╭─ Data section

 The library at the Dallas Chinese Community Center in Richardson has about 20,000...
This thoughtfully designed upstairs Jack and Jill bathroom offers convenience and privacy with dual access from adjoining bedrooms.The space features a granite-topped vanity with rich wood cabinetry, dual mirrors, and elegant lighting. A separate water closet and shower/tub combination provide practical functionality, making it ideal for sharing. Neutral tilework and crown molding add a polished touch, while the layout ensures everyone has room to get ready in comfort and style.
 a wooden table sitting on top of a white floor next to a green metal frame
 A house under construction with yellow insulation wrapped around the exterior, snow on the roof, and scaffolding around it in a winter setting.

╰─
╭─ Data section

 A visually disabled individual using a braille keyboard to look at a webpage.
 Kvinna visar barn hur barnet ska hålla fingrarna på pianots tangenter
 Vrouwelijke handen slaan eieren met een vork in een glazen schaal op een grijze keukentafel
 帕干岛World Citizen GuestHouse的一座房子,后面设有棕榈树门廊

╰─

## Task directions
Looking back over the data above, restate word for word the lines that begin at the line with "A visually disabled" and end at the line with "帕干岛World Citizen GuestHouse的一座房子,后面设有棕榈树门廊", inclusive.

## Answer box
 A visually disabled individual using a braille keyboard to look at a webpage.
 Kvinna visar barn hur barnet ska hålla fingrarna på pianots tangenter
 Vrouwelijke handen slaan eieren met een vork in een glazen schaal op een grijze keukentafel
 帕干岛World Citizen GuestHouse的一座房子,后面设有棕榈树门廊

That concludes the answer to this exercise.